**What the task requires**
After locating the line with "Сірий Мазда 3, об'ємом" below, output it and each following line exactly, stopping after the line with "Little Girl Hugging". No pictures.
══ The data ══
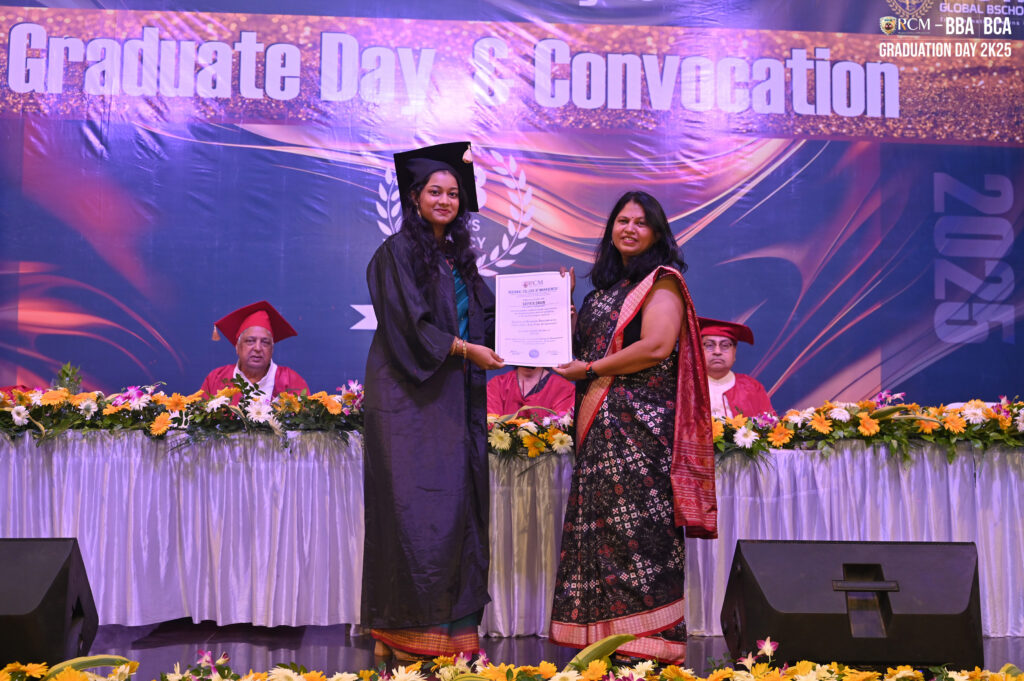 Graduate in cap and gown receiving certificate at decorated stage during ceremony.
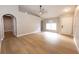 Inviting living room with stylish hardwood floors, neutral walls, and ample natural light at 10142 Richardson Ct, Orlando, FL 32825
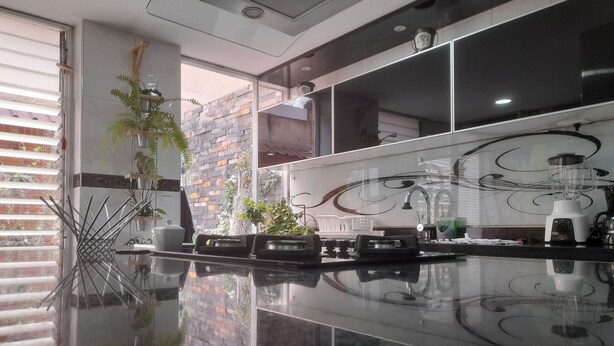 A modern kitchen with a reflective countertop, built-in appliances, and a decorative backsplash.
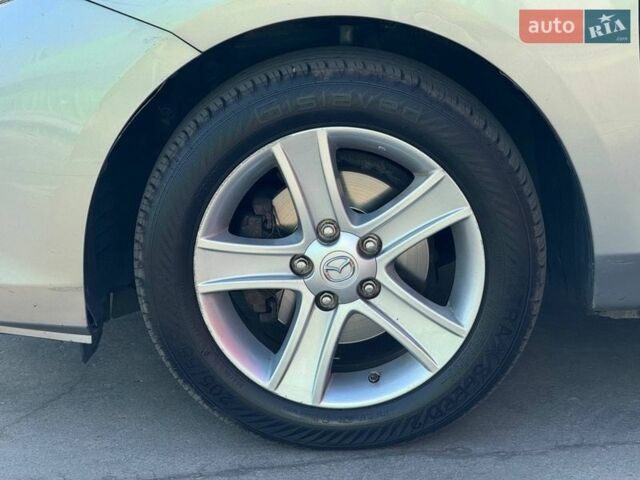 Сірий Мазда 3, об'ємом двигуна 2 л та пробігом 216 тис. км за 7800 $, фото 1 на Automoto.ua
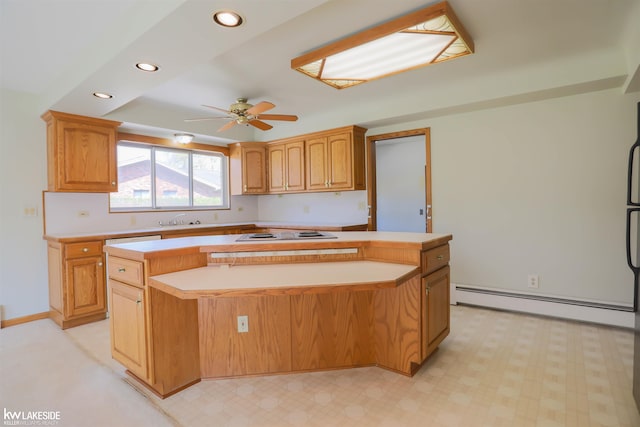 2428 Irma St, Warren, MI 48092 - kitchen featuring a kitchen island, ceiling fan, recessed lighting, light countertops, and a baseboard heating unit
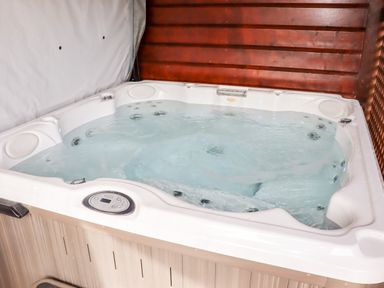 An indoor hot tub filled with water against a wooden wall at Watersview Lodge in Rudyard near Leek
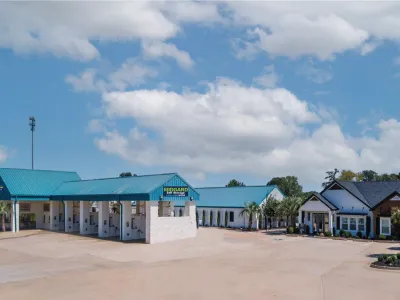 Midgard Self Storage facility with blue roofs, multiple storage units, and a clear sky with clouds.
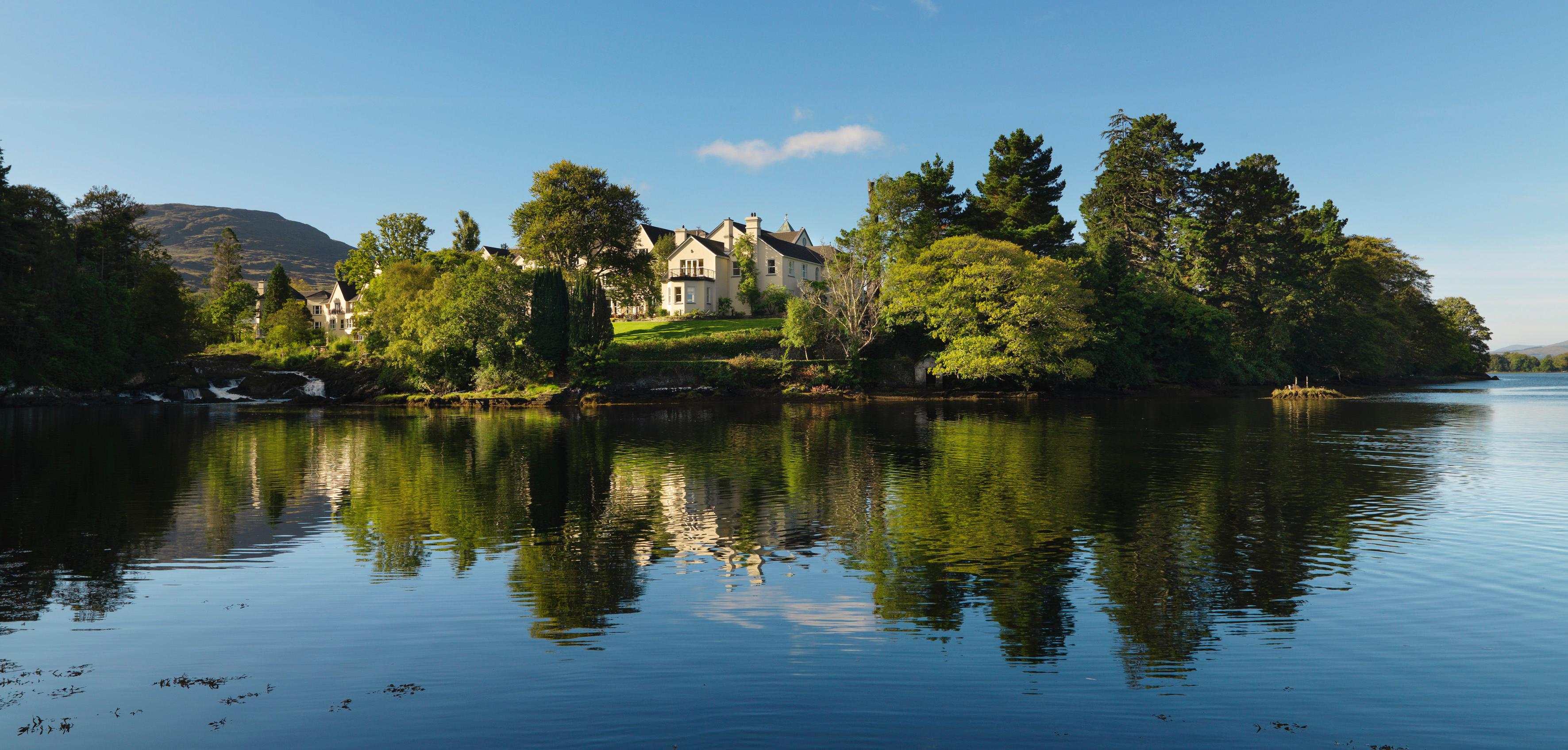 Sheen Falls Lodge manor façade overlooking the cascading waterfalls of the River Sheen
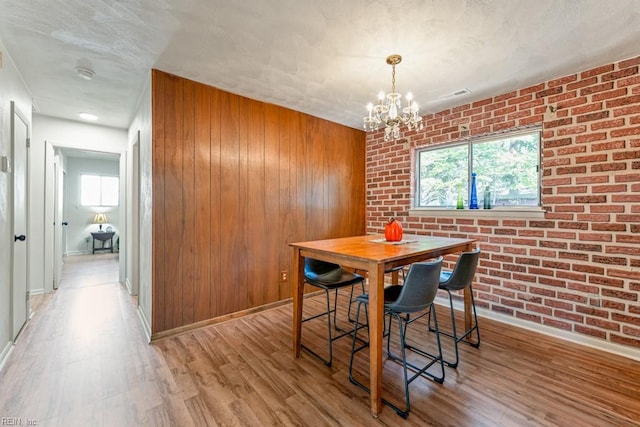 dining area with brick wall, a notable chandelier, wooden walls, and light hardwood / wood-style flooring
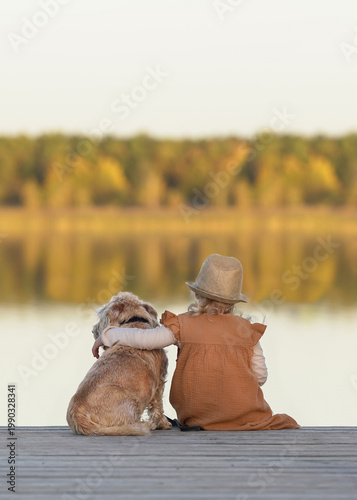 Little Girl Hugging Her Dog on a Sunny Spring Beach Pier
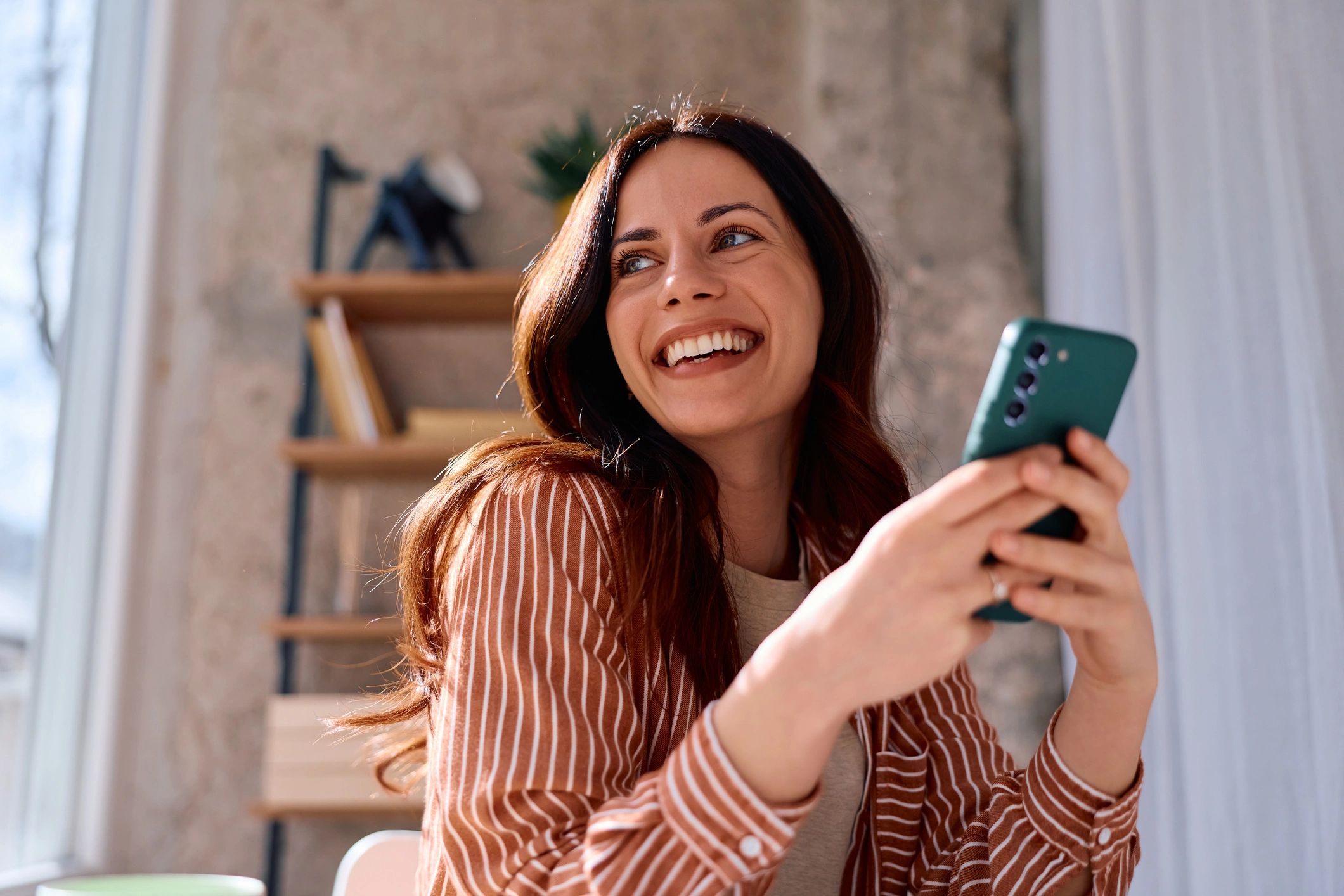 Woman in a striped shirt sitting near a window and using a smartphone, looking away cheerfully while laughing, expressing concepts of joy, communication, technology, and connection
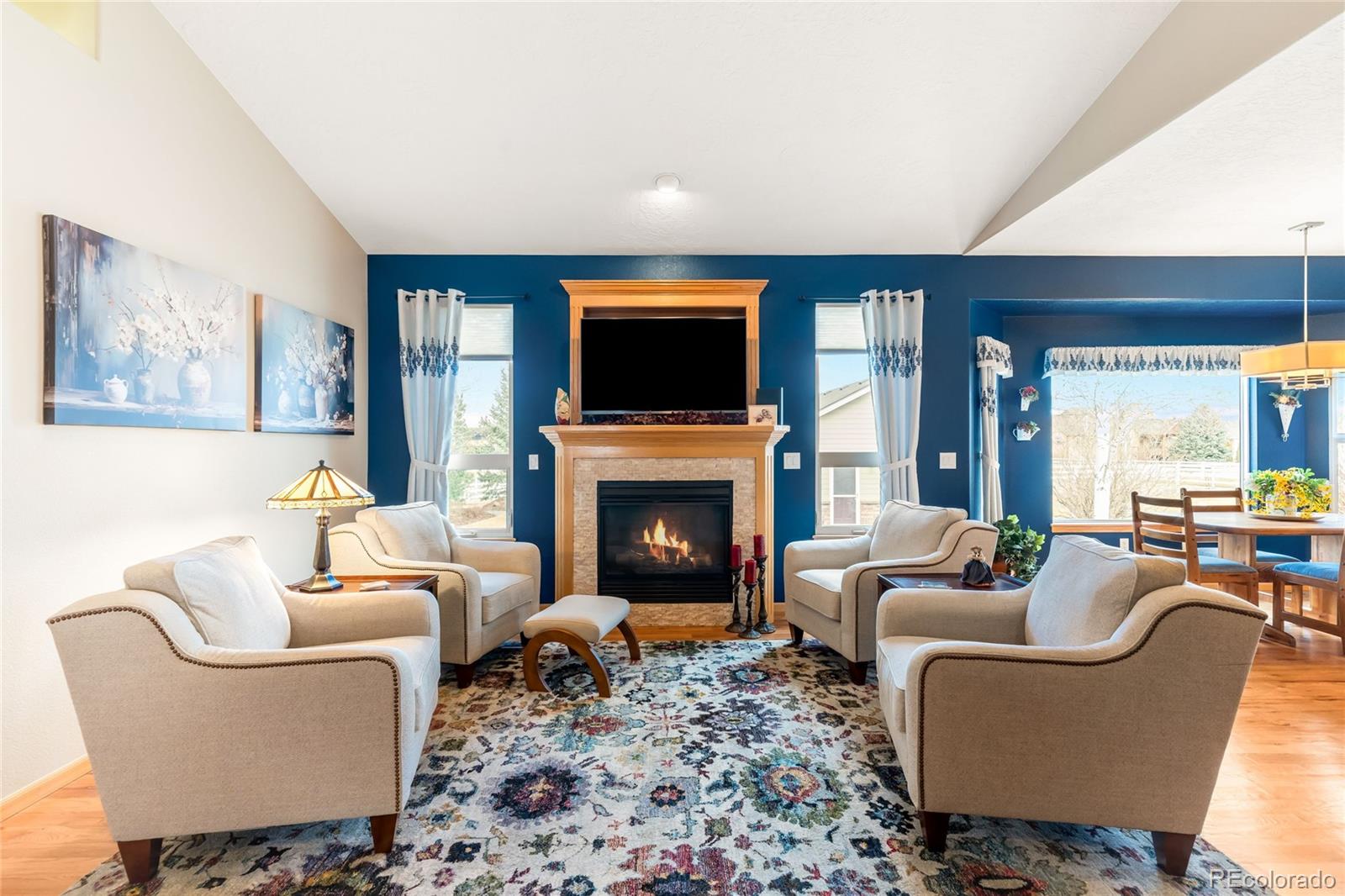 2013 Trail Ridge Drive Severance, CO 80615 - Photo 4 of 49 a living room with furniture a fireplace and a flat screen tv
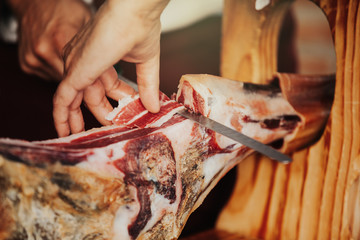 Spanish iberian ham being served. Man hands cutting it.
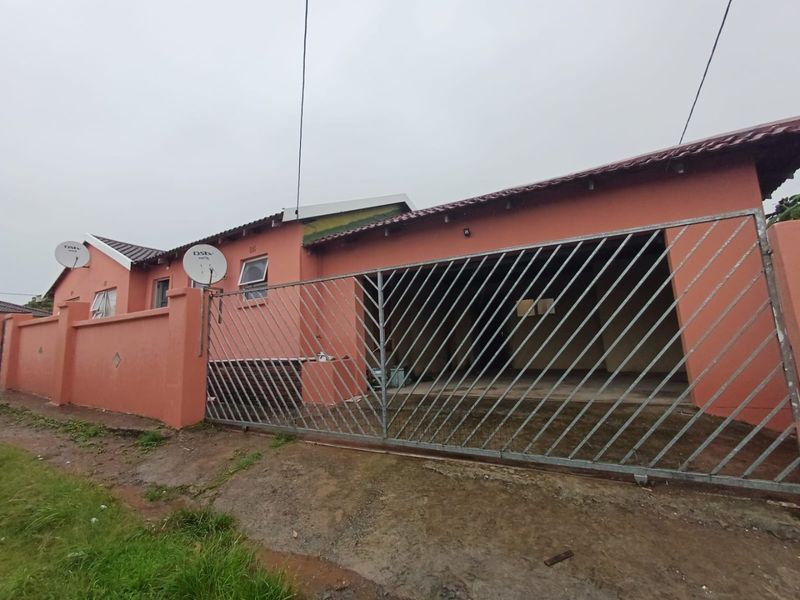Front exterior view of a single-story house featuring a metal sliding gate, perimeter wall, and tiled roof.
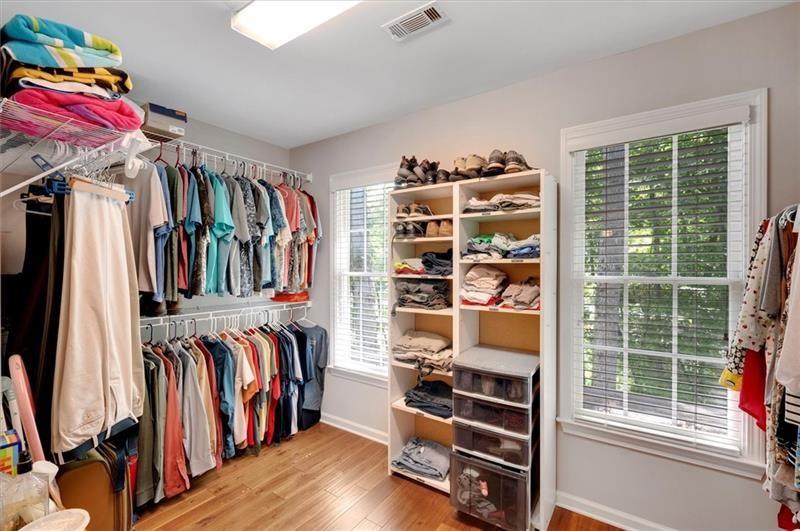 1170 Spring Oak Way Cumming, GA 30041 - Photo 39 of 77 a view of walk in closet with clothes and shoes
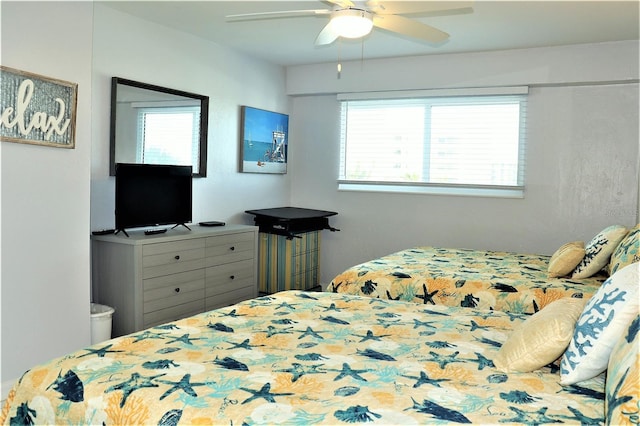 bedroom featuring multiple windows and ceiling fan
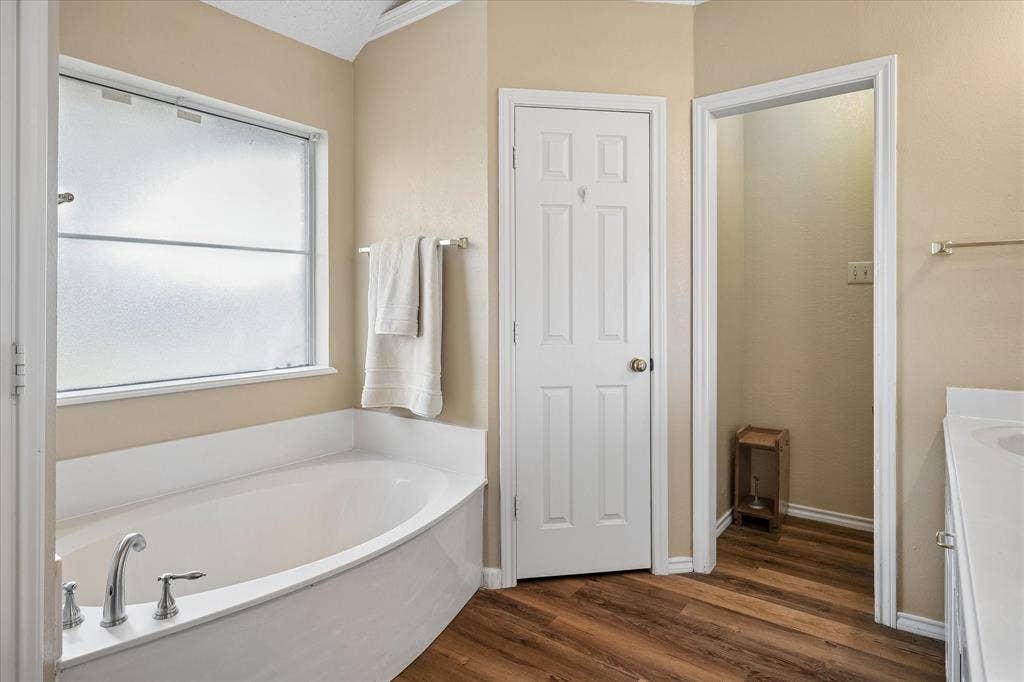 8920 Ashcraft Drive, North Richland Hills, TX 76182 Spacious primary bath with a garden tub, separate closets, and a walk in shower.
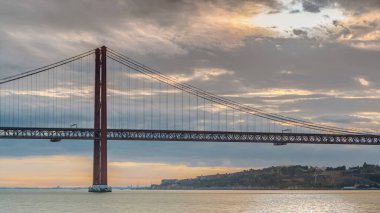 Lisbon city sunrise with April 25 bridge timelapse, River and waterfront early morning. Orange clouds on the sky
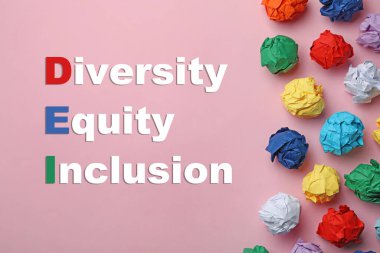 Kısaltma DEI - Çeşitlilik, Equity, Inclusion ve pembe arka planda renkli kağıt toplar, düz uzanma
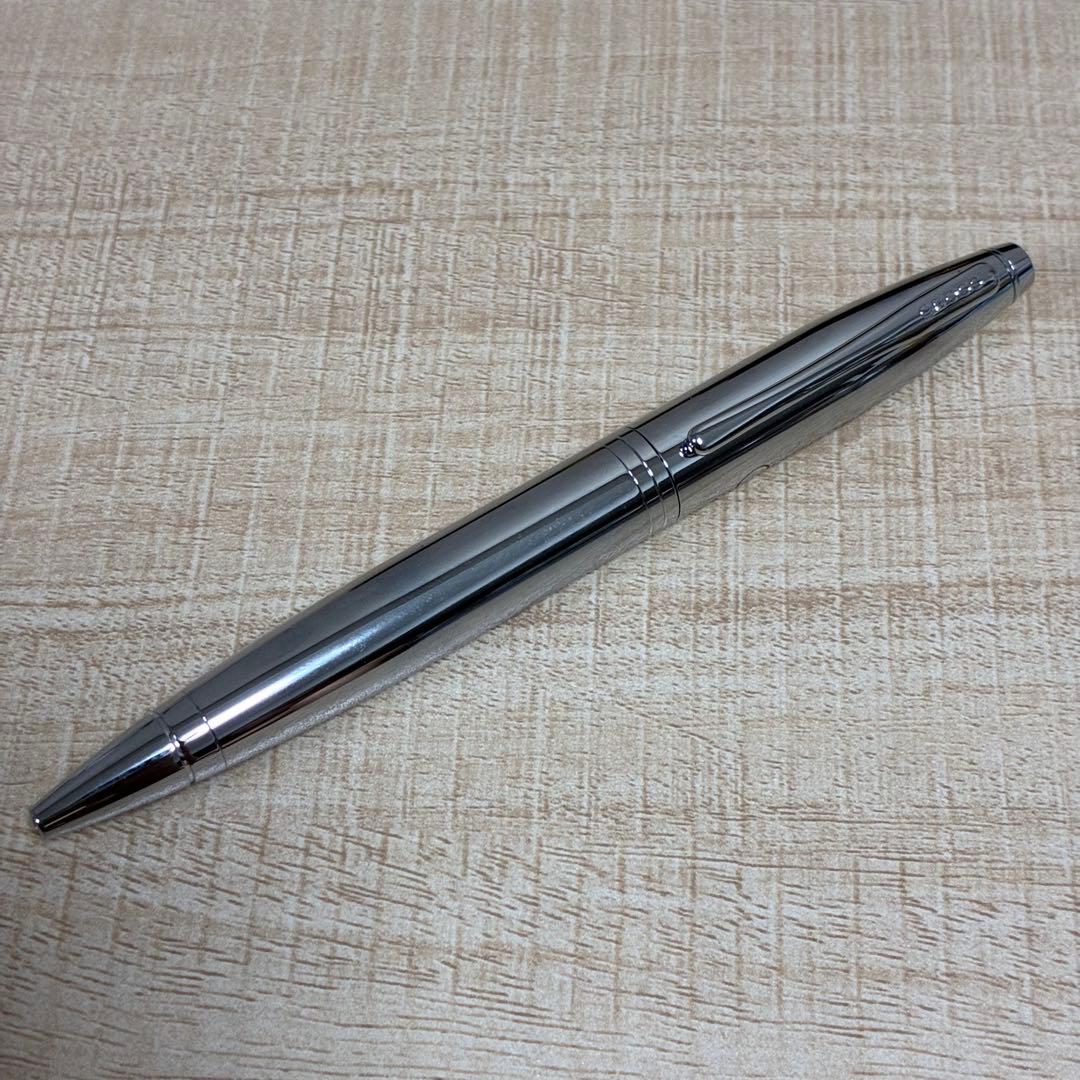 Cross brand silver ballpoint pen with matching case displayed on white background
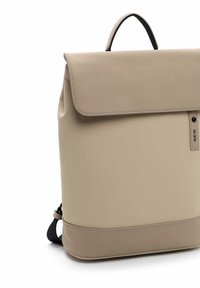 Zaino in pelle beige con chiusura a patta, manico superiore e spallacci neri regolabili. Texture liscia con un sottile dettaglio di cucitura e etichetta del logo.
═══
**Solution to this problem**
 Сірий Мазда 3, об'ємом двигуна 2 л та пробігом 216 тис. км за 7800 $, фото 1 на Automoto.ua
 2428 Irma St, Warren, MI 48092 - kitchen featuring a kitchen island, ceiling fan, recessed lighting, light countertops, and a baseboard heating unit
 An indoor hot tub filled with water against a wooden wall at Watersview Lodge in Rudyard near Leek
 Midgard Self Storage facility with blue roofs, multiple storage units, and a clear sky with clouds.
 Sheen Falls Lodge manor façade overlooking the cascading waterfalls of the River Sheen
 dining area with brick wall, a notable chandelier, wooden walls, and light hardwood / wood-style flooring
 Little Girl Hugging Her Dog on a Sunny Spring Beach Pier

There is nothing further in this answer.